CharlieHebdo publiceerde onlangs een variant op Uderzo’s werk. De Galliërs dragen een geel hesje en gaan feestend aan tafel nadat ze ‘Macronix’ hebben vastgebonden. Nu voormalig Gallië wordt opgeschud door protestgroepen, wordt Asterix er weer bijgehaald. Libération wijdde er een artikel aan: zijn Asterix en Obelix voorlopers van de gele hesjes? Ja, was de conclusie. Ze zijn anti-autoritair, willen geen belastingen afdragen en hebben een hekel aan Parijs.
‘Onverzettelijke Galliërs’, mopperde Macron over de demonstranten. Zou hij weten dat de figuur van de hoogopgeleide betweter die het dorp komt vertellen hoe te leven verschillende keren opduikt in de strips? In Obelix en co figureert Preposterus, die prat gaat op zijn studie economie en Cesar een plan voorlegt om de primitieve dorpsbewoners in het kapitalisme te integreren.

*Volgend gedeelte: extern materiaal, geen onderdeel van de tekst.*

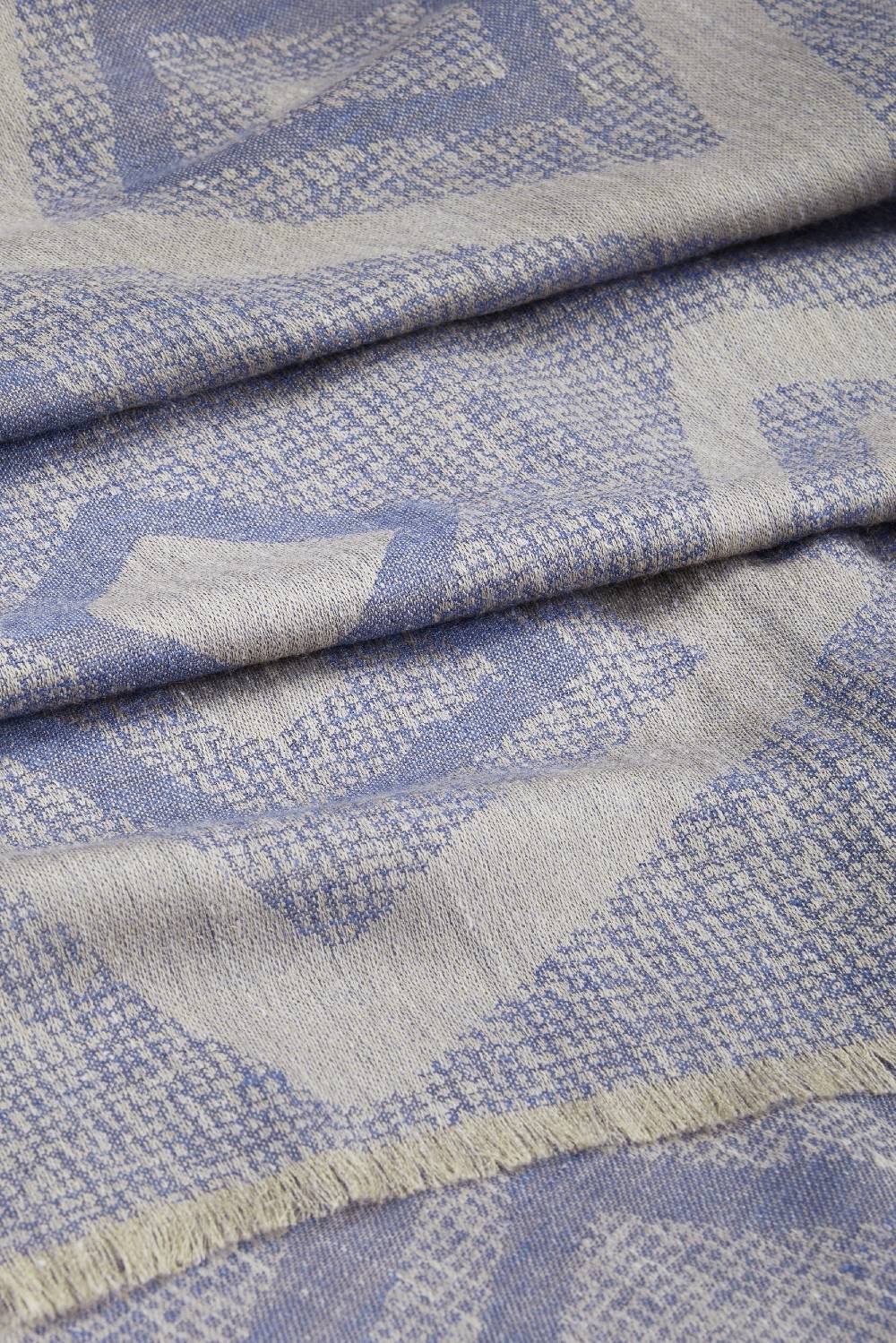 Piacenza 1733 Sciarpa Skyler Blu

Het is Campus die in De Romeinse lusthof komt met bouwplannen voor een nieuw Rome, pal naast het Gallische dorp.
Uderzo is overleden, maar de actuele waarde van zijn werk blijft. In het jubileumalbum uit 2009, De verjaardag van Asterix en Obelix, eet Obelix kikkererwten. Er zijn plannen om Parijs autovrij te maken. Asterix en Obelix zagen hoe Lutetia in 50 voor Christus al last had van opstoppingen en luchtvervuiling. Lees Het gouden snoeimes er maar op na.